To do — Your reply should contain nothing except the lines from the one with "UNIQ Lino tok" through the end of the listing below, reproduced exactly and stripped of pictures.

Records for the exercise —
────────────────

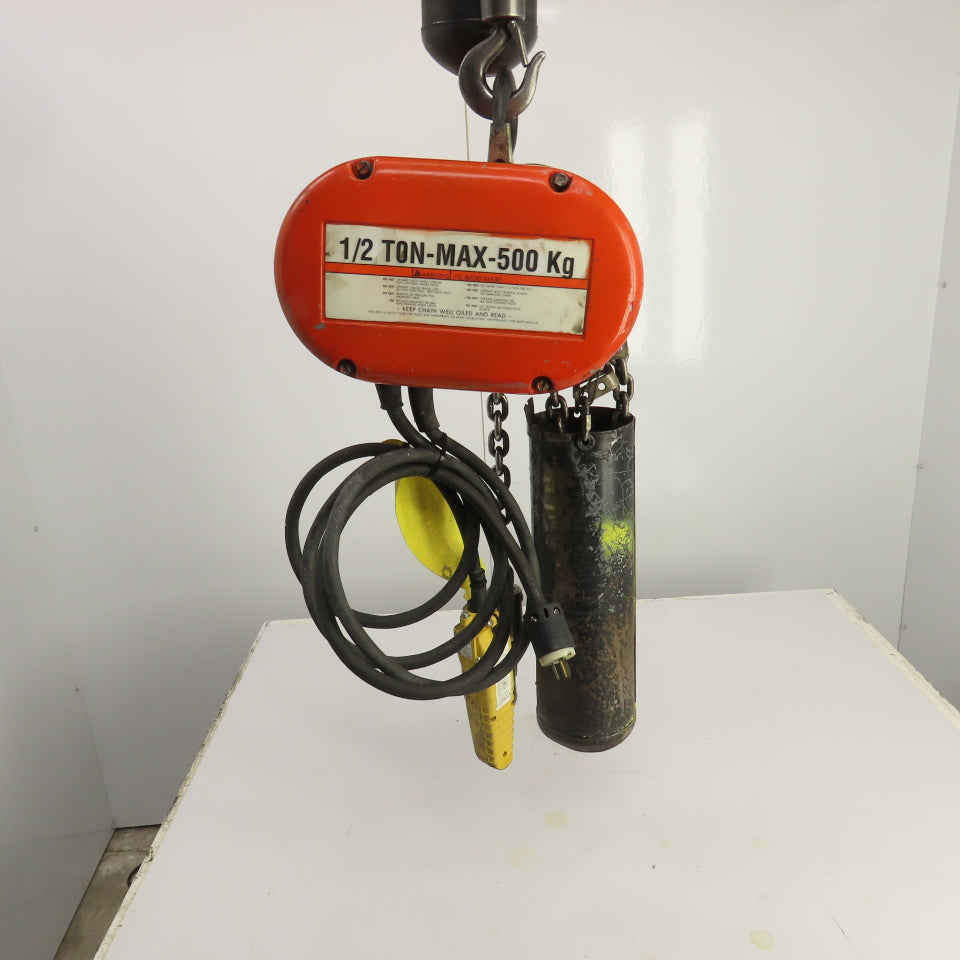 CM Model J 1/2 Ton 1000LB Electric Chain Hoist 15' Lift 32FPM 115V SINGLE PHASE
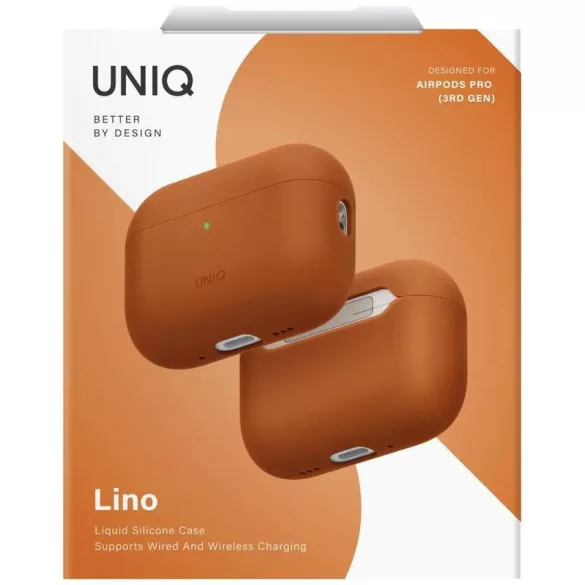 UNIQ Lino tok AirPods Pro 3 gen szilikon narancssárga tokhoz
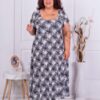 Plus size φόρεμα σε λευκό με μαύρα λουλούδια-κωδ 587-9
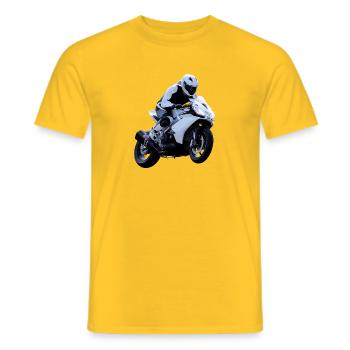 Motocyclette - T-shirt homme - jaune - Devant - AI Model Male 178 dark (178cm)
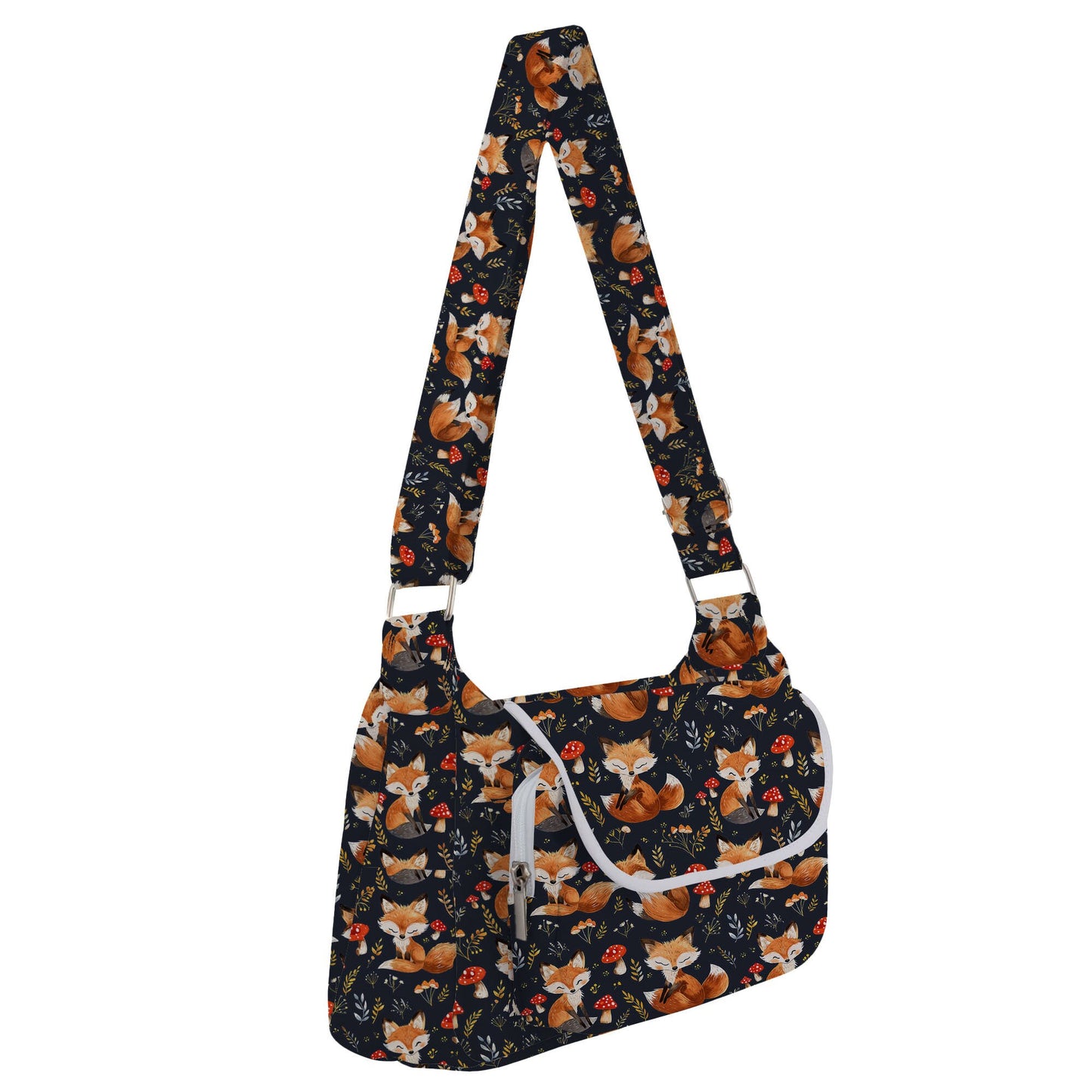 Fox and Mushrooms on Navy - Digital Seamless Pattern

────────────────

Task output —
 UNIQ Lino tok AirPods Pro 3 gen szilikon narancssárga tokhoz
 Plus size φόρεμα σε λευκό με μαύρα λουλούδια-κωδ 587-9
 Motocyclette - T-shirt homme - jaune - Devant - AI Model Male 178 dark (178cm)
 Fox and Mushrooms on Navy - Digital Seamless Pattern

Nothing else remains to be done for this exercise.